Inertia for a special yo-yo help

[ahello888a]

Inertia for a special yo-yo help!

Homework Statement

A yo-yo is made of two solid cylindrical disks, each of mass M and diameter D, , joined by a (concentric) thin solid cylindrical hub of mass m and diameter d. Use conservation of energy to calculate the linear speed of the yo-yo just before it reaches the end of its long string length L, if it is released from rest.

Homework Equations

KE for translational: 0.5*m*v^2
KE for rotational: 0.5*I*w^2
PE: mgh

for this problem: potential = KE(trans) + KE(rot)

The Attempt at a Solution

My main concern is how to treat the inertias for the 3 cylindrical objects (2 identical big cylindrical disks and 1 small cylindrical hub). At first I tried to simply combine the inertias for all 3 into one KE equation (i.e. I = all 3 cylindrical objects...KE(rot) = .5*I*w^2.) but when I tried to convert the w to v/r I couldn't decide which r to use (disk or hub). So then I tried to separate the KE(rot) into 2 (1 for hub, 1 for 2 disks). this way allowed me to have different r for the w=v/r substitution, but my answers came out wrong. How then should I do this problem?

 

[Dick]

Use the radius of the hub to compute w. You can certainly add the moments of inertia. They are all rotating at the same rate. Beyond that it's hard to say why you are getting wrong answers until you tell us the answers you are getting.

 

[ahello888a]

is there any reason to use that over the radius of the cylindrical disks?

 

[Dick]

I used my technical knowledge of yoyo's. They consist of two big disks with a smaller hub in between. The string wraps around the hub.

 

[ahello888a]

Heres what I get after simplifying the Kf=Ki

v is velocity, d is for the disks, h is for the hub, L is for height/string length

v$$^{2}$$ = $$\frac{2m_{tot}gL}{m_{tot}+M_{d}\frac{R_{d}}{R_{h}}^{2}+0.5M_{h}}$$

I plugged in the numbers that my book version that the question provides and I still don't get the right answer. If you want to try,
mass of disk = 0.050kg
mass of hub = 0.005kg
diameter of disk = 0.075m
diameter of hub = 0.010m

answer comes out to be: 0.84m/s

I didn't bother to convert the diameter to radius since it just cancels out in my equation.

 

[ahello888a]

...so i guess its just something that you'd have to know about yo-yos

 

[Dick]

Heres what I get after simplifying the Kf=Ki

v is velocity, d is for the disks, h is for the hub, L is for height/string length

v$$^{2}$$ = $$\frac{2m_{tot}gL}{m_{tot}+M_{d}\frac{R_{d}}{R_{h}}^{2}+0.5M_{h}}$$

I plugged in the numbers that my book version that the question provides and I still don't get the right answer. If you want to try,
mass of disk = 0.050kg
mass of hub = 0.005kg
diameter of disk = 0.075m
diameter of hub = 0.010m

answer comes out to be: 0.84m/s

I didn't bother to convert the diameter to radius since it just cancels out in my equation.

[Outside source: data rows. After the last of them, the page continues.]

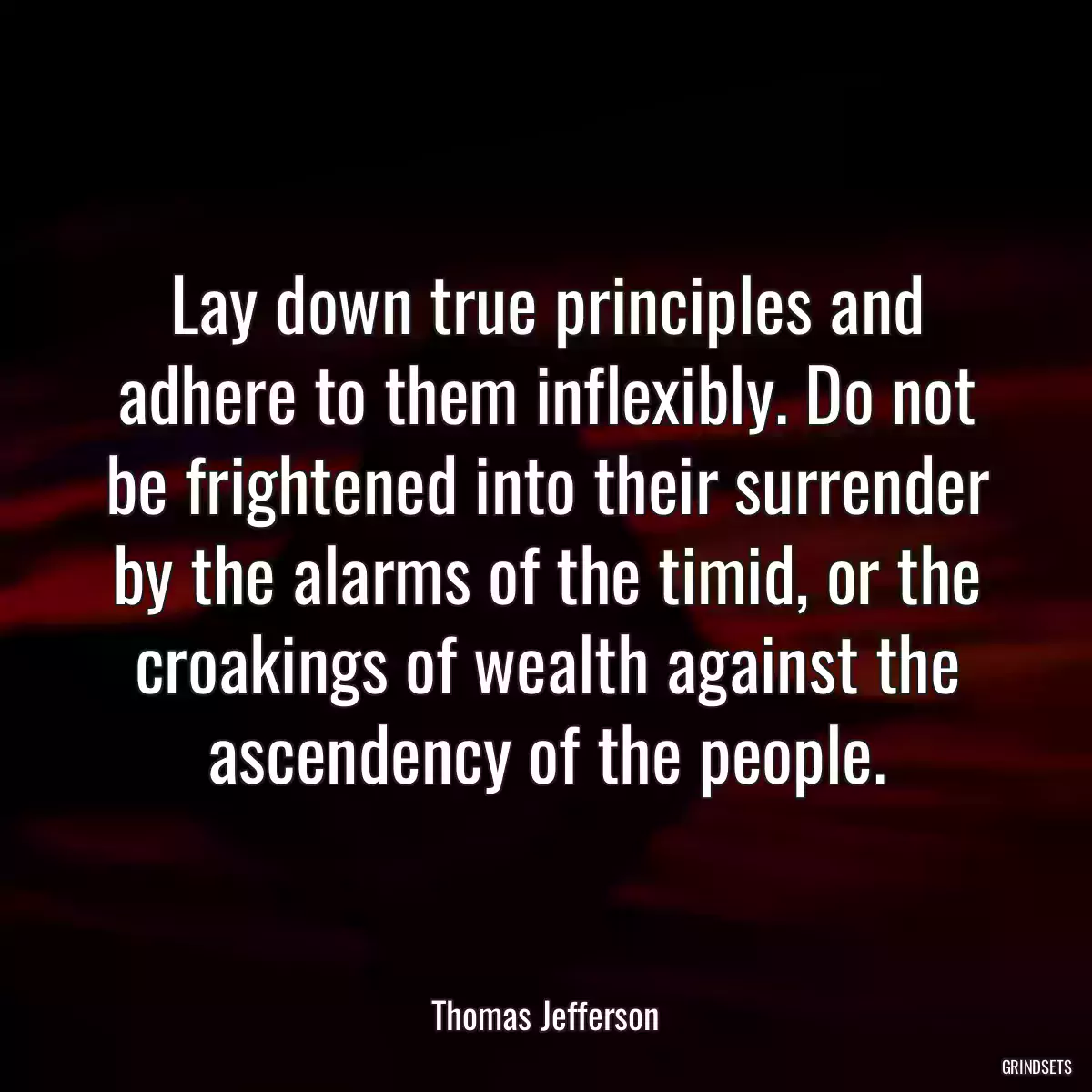 Lay down true principles and adhere to them inflexibly. Do not be frightened into their surrender by the alarms of the timid, or the croakings of wealth against the ascendency of the people.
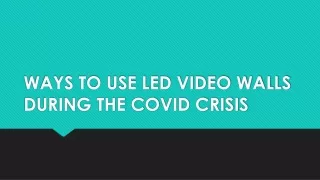 Ways to use LED video walls during the Covid-19 crisis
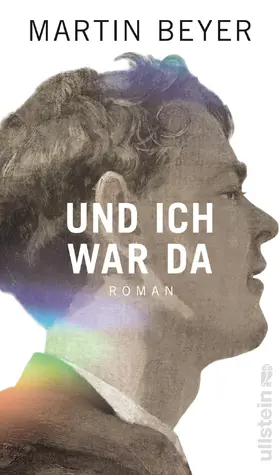 Beyer |  Und ich war da | eBook | Sack Fachmedien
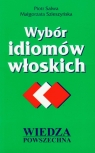 Wybór idiomów włoskich Piotr Salwa, Małgorzata Szleszyńska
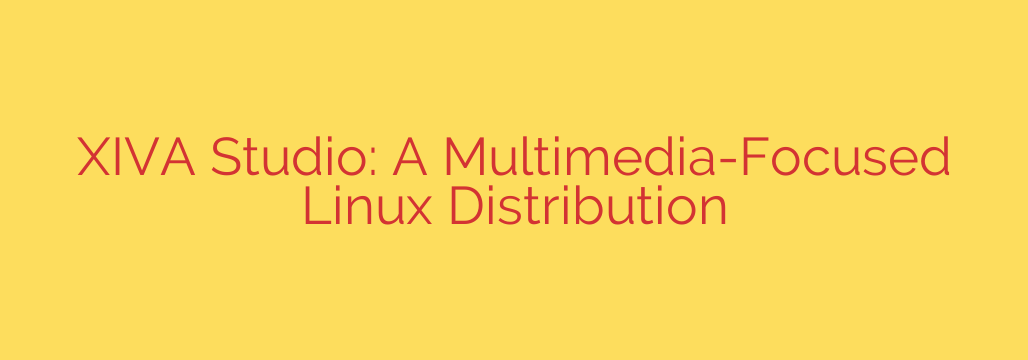 XIVA Studio: A Multimedia-Focused Linux Distribution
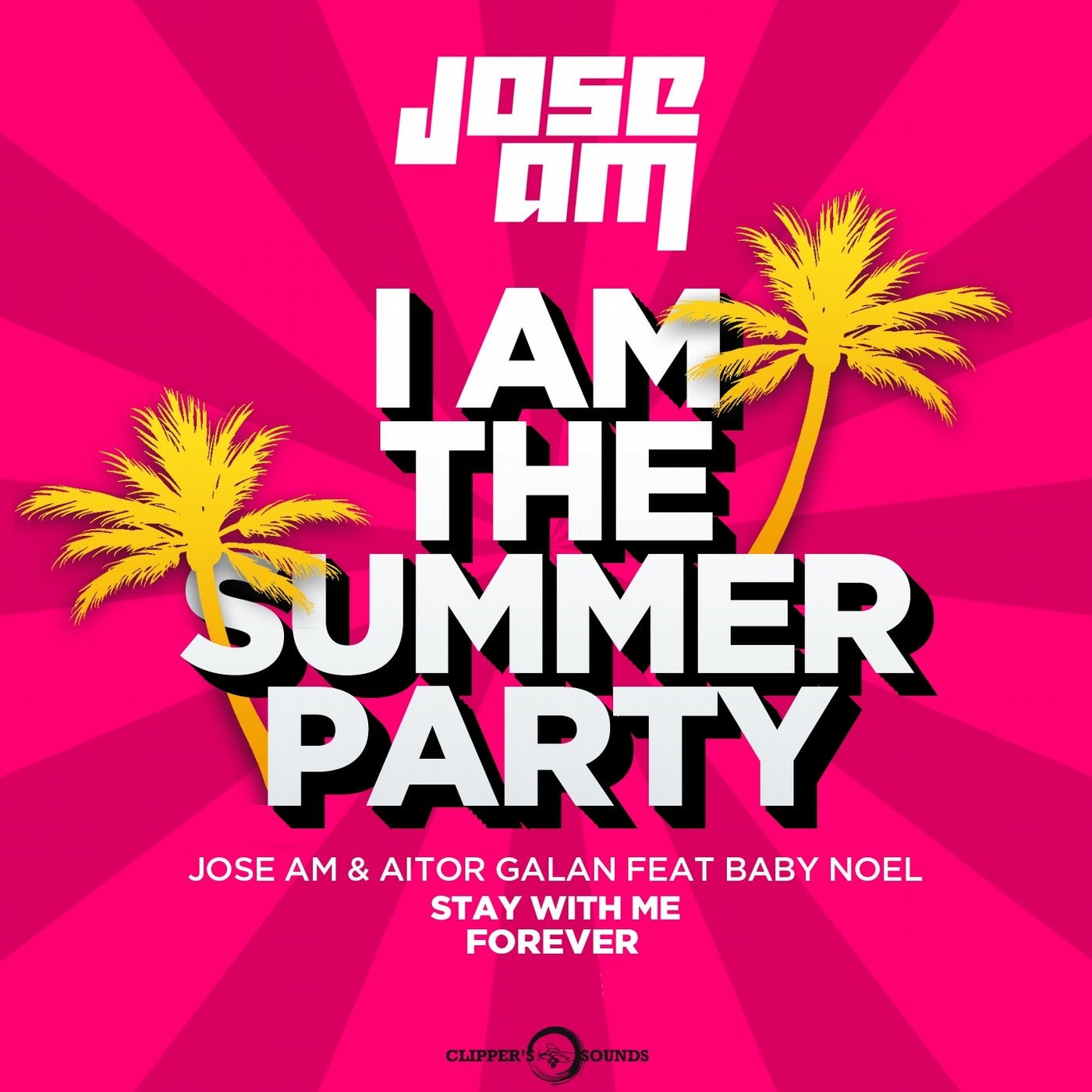 Stay With Me Forever (I am the Summer Party) [Radio Mix] (feat. Baby Noel)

That looks correct to me. What's L?

 

[ahello888a]

L is the length of the string which I assume to basically be the height since the string goes that length down.

 

[Dick]

L is the length of the string which I assume to basically be the height since the string goes that length down.

I meant, what's the numerical value you put in for L?

 

[ahello888a]

oh I am sorry. I put in 1m.

 

[Dick]

oh I am sorry. I put in 1m.

I get the same formula you get, but when I put your numbers in I don't get 0.84m/s. I get something pretty close, though. Can you check your arithmetic??

 

[ahello888a]

im getting .613

0.84 is what the book says is the answer.

 

[Dick]

The value I calculated was sqrt(4*9.8/(2+7.5^2+1/2)). I divided numerator and denominator by the mass of one of the large disks. That's 0.817. Not 0.84. So I guess I don't know.

 

[ahello888a]

okay i just assume the book has rounding mistakes...thanks very much for your abundance of help though!